In this specific case, I would not blame IPv6 or RFC 2460 but rather my
own company (even if the affected versions were quite old as new IOS-XR
versions appear to be immune to this bug). And I appreciate the humor in
your rhetorical question about which FW could protect a CRS... Air gap
probably :-)

More generally, regarding the 'parsing of the header' and performance, my
understanding (and I am NOT a HW engineer) is that there are multiple ways
to parse the header chain:
- purely software in low-end devices, should have a marginal performance
- specific ASIC in middle-end devices (read high end enterprise), probably
some limitations and heavy performance impact (but again within one
organization, so, easier to fix the root cause)
- a lot of specialized network processors in high-end devices (SP gears),
which is a similar case as the 'low-end device', performance impact but
marginal as parsing the chain of headers is not that hard after all _when_
coded correctly

As the extension headers are specific to IPv6, this is an area when we
will all learn (and have learned already) a lot of things...

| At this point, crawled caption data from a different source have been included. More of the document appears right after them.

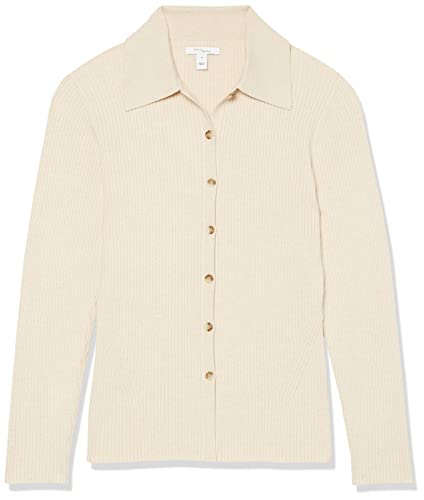 Image of Amazon Essentials Women's Fine Gauge Stretch Polo Ribbed Long Sleeve Sweater Cardigan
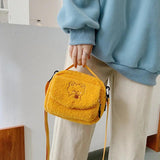 Lamb Plush Cartoon Small Square Bag Soft Girl Shoulder Bag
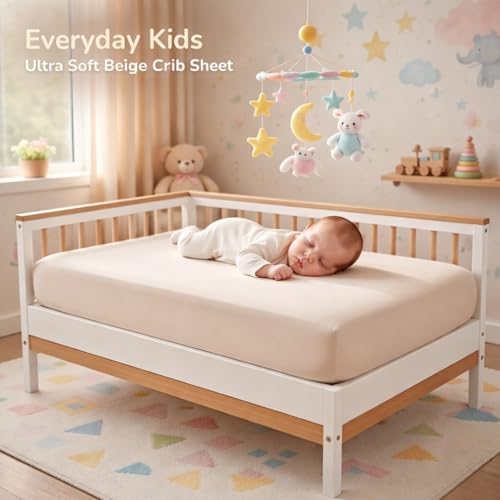 Image of Everyday Kids Fitted Crib Sheet, 100% Soft Breathable Microfiber Baby Sheet, Fits Standard Size Crib Mattress 28in x 52in, Beige Nursery Sheet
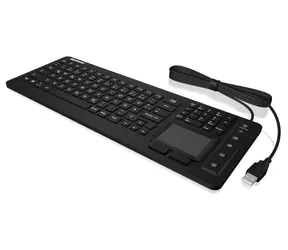 Keysonic KSK-6231 INEL DE černá / Průmyslová klávesnice / Touchpad / IP68 / Podsvícení / USB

I respectfully disagree with your last sentence. Of course, destination
AS/host SHOULD only accept useful, known and legit ext headers; but, why
would an ISP filter on ext headers if they do not harm their own infra or
a customer infra? Do you envision an Internet where only TCP/443 and
UDP/43 would be accepted?

Last point, the Internet will have to use IPv6 for 10 or 20 years at
least. If the IETF/ISP block all new _options_ in _existing_ extension
headers, then we will be stuck in 1997 for network innovation. While I do
not like taking security risks, I even fear more the lack of innovation.

Let's talk on Thursday at Silvia's IPv6 Conference in Zurich ;-)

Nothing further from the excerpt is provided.